As you may know if you visit here regularly, I spend quite a bit of time in France. I've got a house there, on the border of Normandy and Brittany. We can get to a beach in Normandy in just over half an hour, but we prefer the beautiful bays around Cancale, near St Malo, on the north Brittany coast. There are many glorious beaches here but our absolute favorite is one which can only be reached by parking on the road and walking down a sandy path between pine trees until you emerge onto a stretch of white sand, with rocks and pools on either side, and a wonderful cliff-top walk strewn with wild herbs and flowers. And just set back off the beach is the most lovely house, which year after year we have gazed at with envy and wished so much we could live there. This year I was there with my daughter who cleverly discovered that this house, Ros Ven, used to belong to the great French writer Colette, who spent many summers there. Not only that, but she wrote a novel there and set it in and around the house and the beach. So of course I had to get the novel forthwith. In French it is called Le Ble en Herbe, which is usually translated as Ripening Seed though in actual fact the French really means 'Wheat that has just sprouted' or some such thing -- not a great title, let's face it.

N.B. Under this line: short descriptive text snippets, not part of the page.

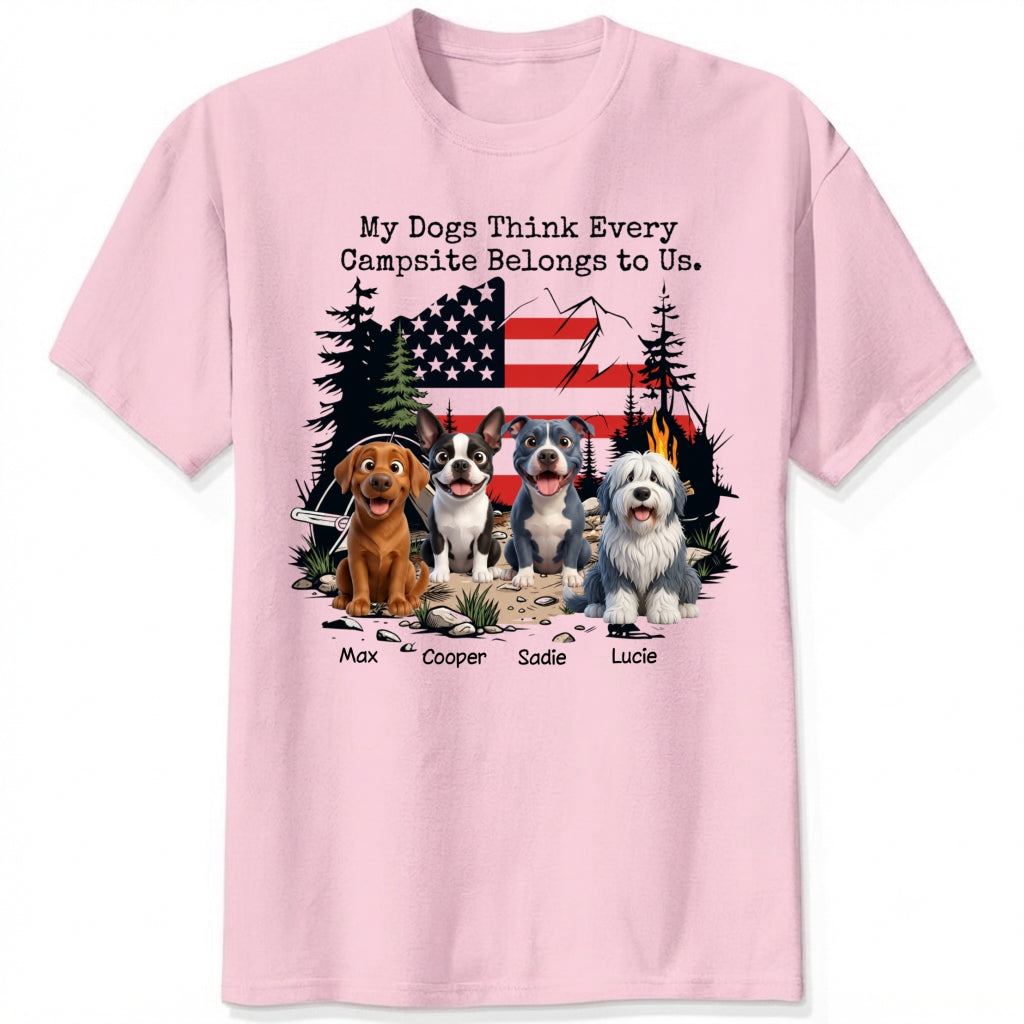 A pink short-sleeve t-shirt featuring a graphic print of dogs sitting in front of a campfire and an American flag, with the text 'My Dogs Think Every Campsite Belongs to Us.' and custom with dog's names below.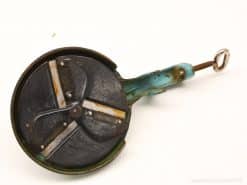 Vintage food chopper with blue handle and sharp blades, perfect for culinary enthusiasts.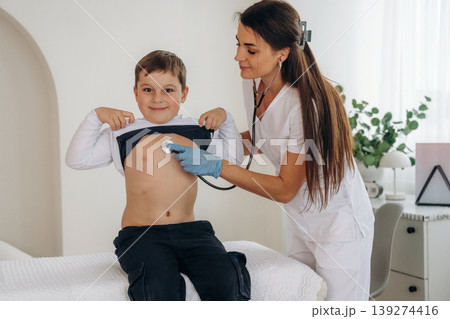 Listening to the breathing, using stethoscope. Boy is in routine appointment in clinic with female doctor Listening to the breathing, using stethoscope. Boy is in routine appointment in clinic with female doctor 139274416
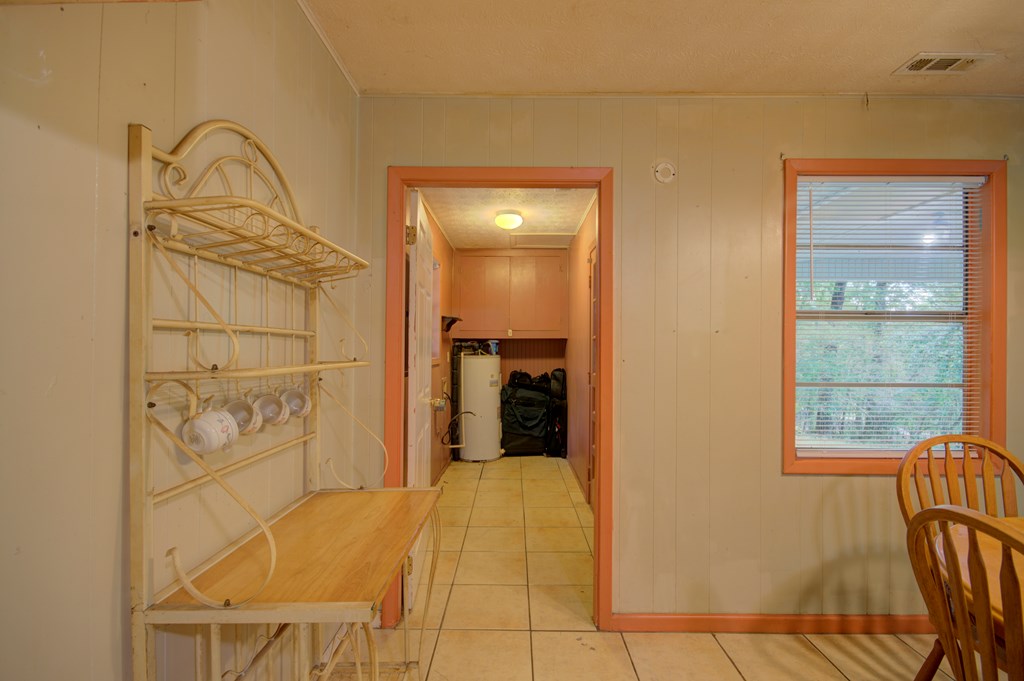 92 No-Where Road Blairsville, GA 30512 - Photo 7 of 36 a view of a hallway with wooden floor and a bathroom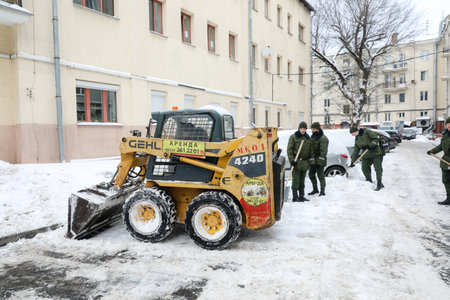 MINSK, BELARUS - 9 SEPTEMBER, 2022: soldiers clean the snowの写真素材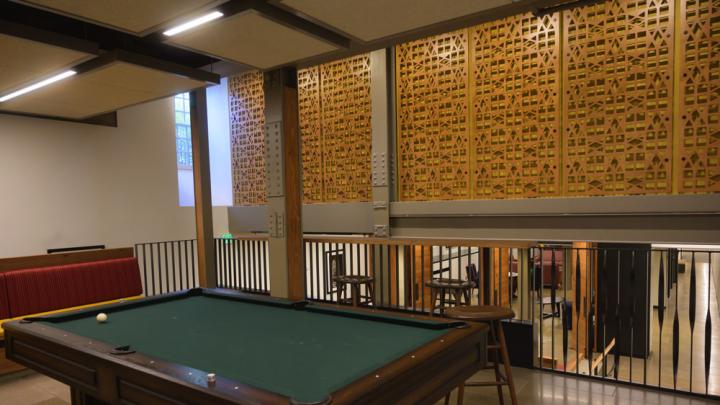 A multi-level common with a pool table in front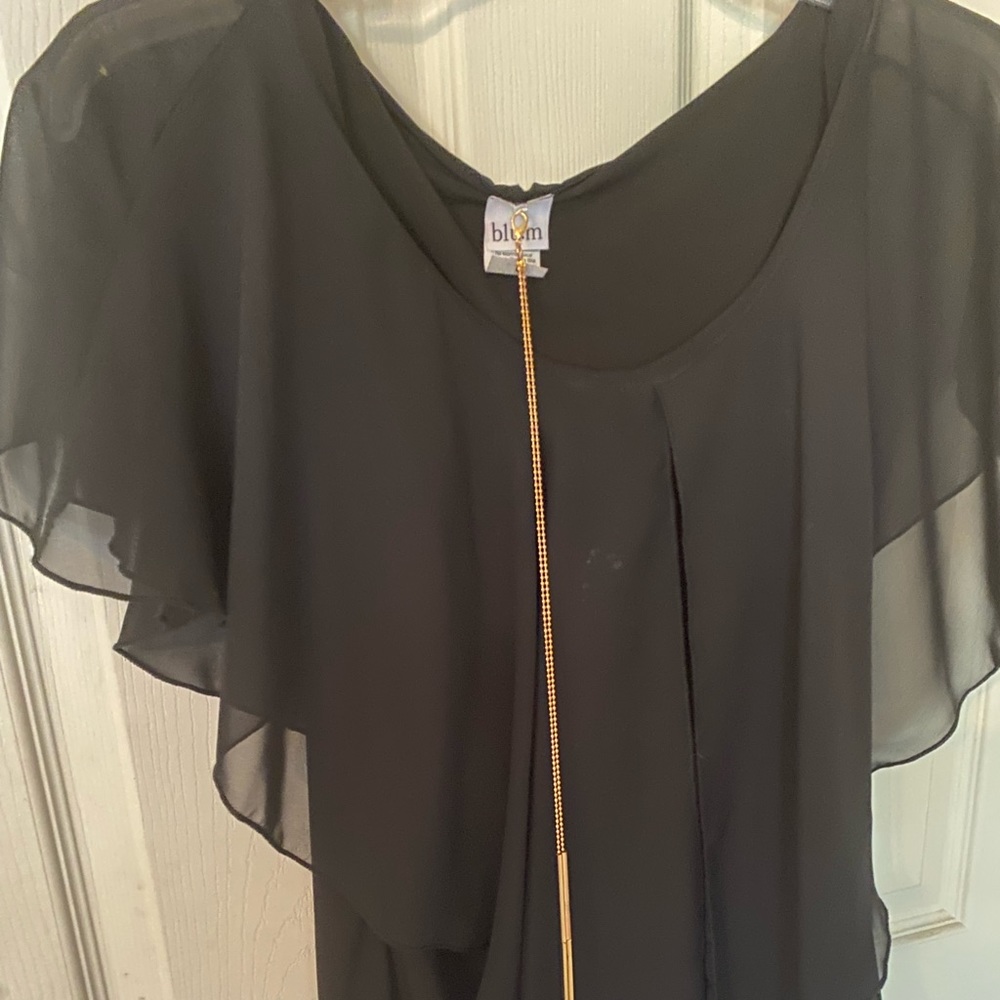 Black blouse with gold jewelry detail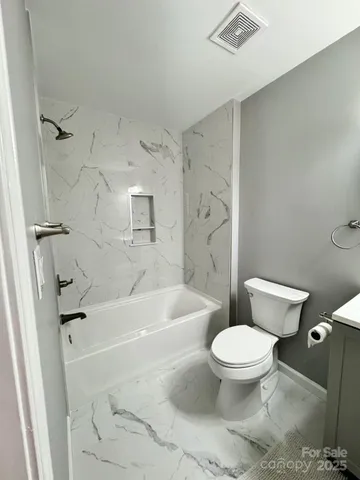 a white toilet sitting next to a bath tub and a shower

Anyway, I managed to get myself a copy on Amazon, though not the one that appears in this picture. I'm ashamed to say this is the first Colette novel I have ever read, though I did start one in French which I found pretty difficult -- my French was not really up to the complex and convoluted sentences and subtle terminology, and I abandoned it before the end.
Ripening Seed is the story of Philippe and Vinca, aged 16 and 15. Every year since they were tiny children their parents, who are old friends, have rented this house for the summer, and the children have grown up more or less as brother and sister. They know every inch of the beach, the cliff path, all the secret rock pools and tiny bays, and their days are spent swimming, fishing, catching shrimps in the pools. This year they have fallen into a different kind of relationship -- in fact they have fallen in love. But they are young and innocent and so Philippe, at least, thinks he must wait many years before they can develop this into a full love affair. Then one day, on the way back from the post office in St Malo, he encounters a woman who has rented a house just up the road. Beautiful, sophisticated, she is clearly drawn to him and before long she has seduced him. Philippe is now living in a sort of mad dream, escaping every night when the house is asleep to enjoy this extraordinary new experience, but feeling wracked with guilt about Vinca, who he assumes knows nothing of this. Things, of course, do not work out as he has expected.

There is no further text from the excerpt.